Women demonstrate 6 leadership competencies critical to success
According to research, women demonstrate six leadership competencies critical to success in developing business: long-term thinking, innovation, collaboration, transparency, environmental management, and social inclusiveness.
Businesses that promote these leadership competencies and values will be more likely to succeed in developing sustainable and rewarding opportunities.
Diversity is not only a moral imperative, but a tried & tested route to profit & productivity
Hence, the research is unequivocal: diversity is not only a moral imperative, but a tried and tested route to profit and productivity. It should be prioritised as a way to boost resilience in South African business and government, as the country faces a tough road ahead to rebuild the economy and society.
Diversity is no longer a cosmetic, nice-to-have. In these particularly tough economic times, it will make the difference between success and failure. The bottom line is that investing in diversity is good for business.
Great strides have been made, but…
Although South Africa has made great strides, there is still some way to go. While women are paving the way when it comes to education and closing the gap on pay, there are still more men in management and senior management positions (39%) than women (31%), according to a study by Career Junction.
Sectors such as engineering and construction, for example, remain male-dominated where the ratio of men to women is 16% versus 6%, as well as the manufacturing and logistics sector with 10% (M) versus 4% (F).
Parliament fares a lot better.
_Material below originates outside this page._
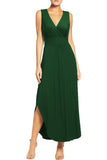 Green Women Sleeveless Deep V Neck Pocket Loose Long Dress Split Maxi Casual Dresses - WOOSEA | Women's Cocktail Dresses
South Africa is ranked as the 10th country in the world with the most number of females in parliament, according to the Inter-Parliamentary Union, with just over four in every 10 benches held by a women.
South African women are well prepared to take a bigger piece of the business equality pie. It’s clear that the narrative is slowly starting to change as more women start stepping into their rightful place of leadership in society and business.
The Coronavirus pandemic is providing the tipping point impetus for this change
Never before has the need for creativity, innovation and collaboration been more important – in both business and in society. Women will drive South Africa’s socio-economic agenda by recognising the power they have to effect change through their roles in business.